Il caso di La mediazione tecnologica della voce, a cura di Michela Garda, secondo episodio della collana, è di altra specie. Anche stavolta i contributi sono affidati ad autrici e autori diversi, ma l’impressione è quella di un ensemble che lavora di compattezza, pur aprendosi a ventaglio sui diversi aspetti della questione affrontata. Vorrei quindi suggerire una mappa, del tutto parziale e necessariamente riassuntiva, che spero però funzioni per orientarsi nella lettura del volume. Con questo mi permetto anche di suggerire, per futuri appuntamenti della collana, che qualche pagina di abstract, oltre alle puntuali introduzioni dei curatori, fornisca coordinate per seguire il percorso del volume.

La mediazione tecnologica della voce è di per sé un argomento molto ampio, l’idea che percorre il volume è però quella di circoscriverne l’indagine nell’orizzonte musicale, individuando zone di riflessione cui rispondono saggi puntuali che non trascurano questioni tecniche, quelle che spesso scoraggiano i lettori non esperti e invece hanno qui il pregio della chiarezza.

L’introduzione di Michela Garda fornisce le basi teoriche per affrontare le pagine a seguire, orientate e distribuite in due parti: alla prima si affida l’analisi della voce fonografica in alcuni aspetti riguardevoli di riflessione, alla seconda invece sono assegnate indagini sulle diverse forme di sperimentazione vocale (ma non solo) e sul corpo virtuale della voce.

A Daniele Palma il compito di indagare come la fonografia abbia avuto un impatto significativo sulla tecnica vocale dei cantanti d’opera, in particolare relativa al timbro.

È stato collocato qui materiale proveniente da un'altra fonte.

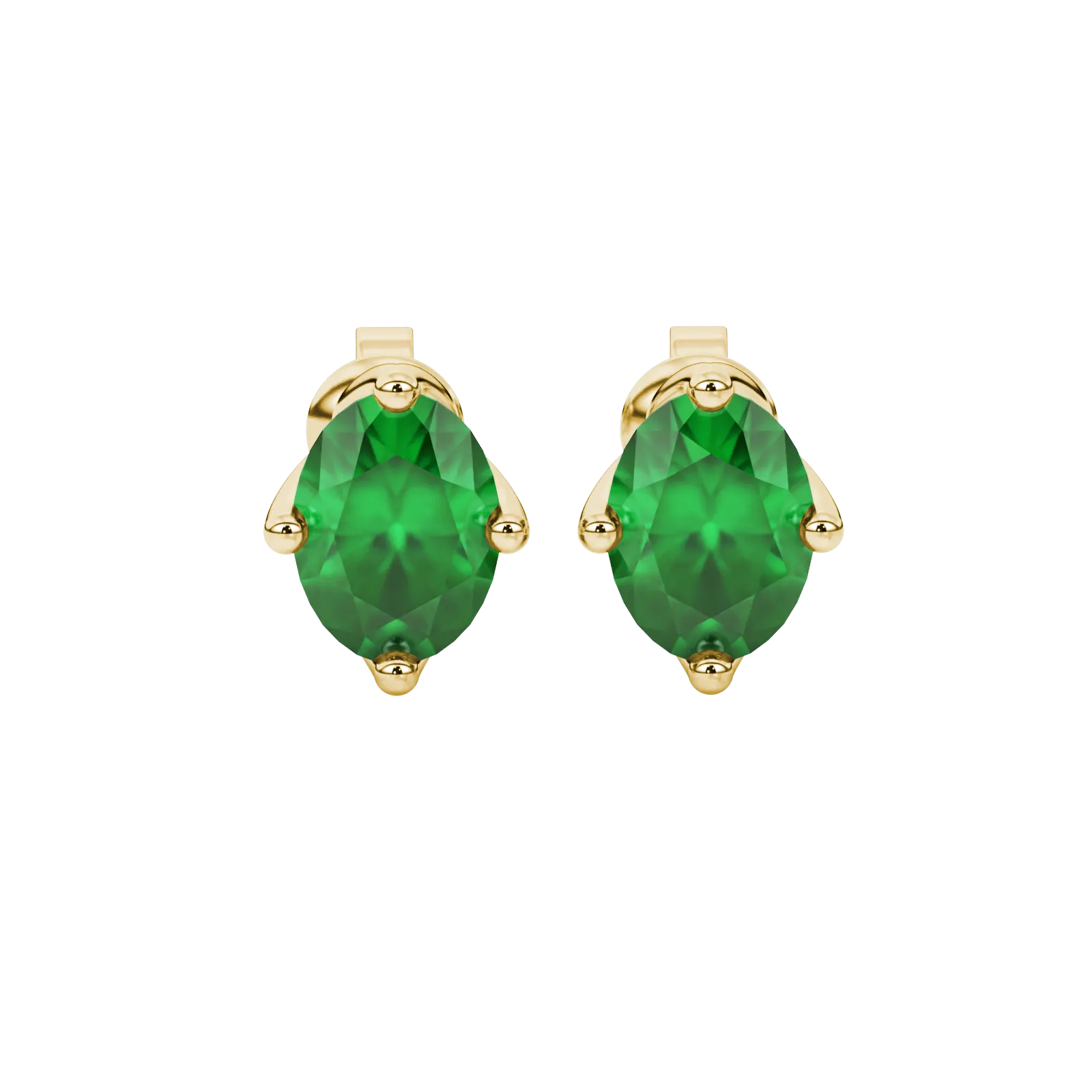 Oval cut emerald green gemstone earrings, yellow gold tulip basket setting.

Storicizzare la recording voice è il primo passo da compiere per comprenderne la portata culturale e il percorso di “riconfigurazione delle ortodossia del belcanto italiano” e la sue “ricadute molteplici sulle idee e sulle pratiche”, ad esempio – sottolinea l’autore – la preferenza verso una voce riconoscibile, unica, singolare che si impone e scalza la peculiarità che invece era propria dei cantanti di primo Ottocento, la cui grandezza passava anche attraverso la pluralità di timbri.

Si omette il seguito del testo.